### Exercise prompt
Transcribe only the part of the material below that begins at the line containing "Härdat glas för" and ends at the line containing "the sun rises", with both kept and images left out.

### Supplied data
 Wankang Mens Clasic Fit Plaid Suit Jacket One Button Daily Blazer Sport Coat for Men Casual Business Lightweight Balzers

--

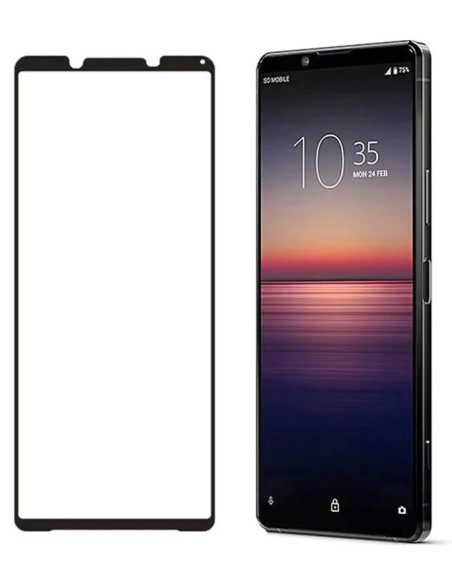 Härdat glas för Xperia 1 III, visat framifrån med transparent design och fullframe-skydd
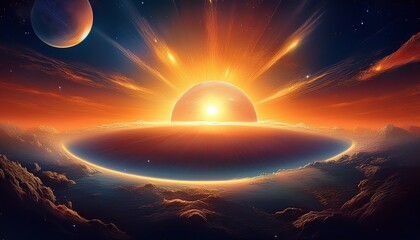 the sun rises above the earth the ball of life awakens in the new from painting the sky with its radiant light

### Result of the task
 Härdat glas för Xperia 1 III, visat framifrån med transparent design och fullframe-skydd
 the sun rises above the earth the ball of life awakens in the new from painting the sky with its radiant light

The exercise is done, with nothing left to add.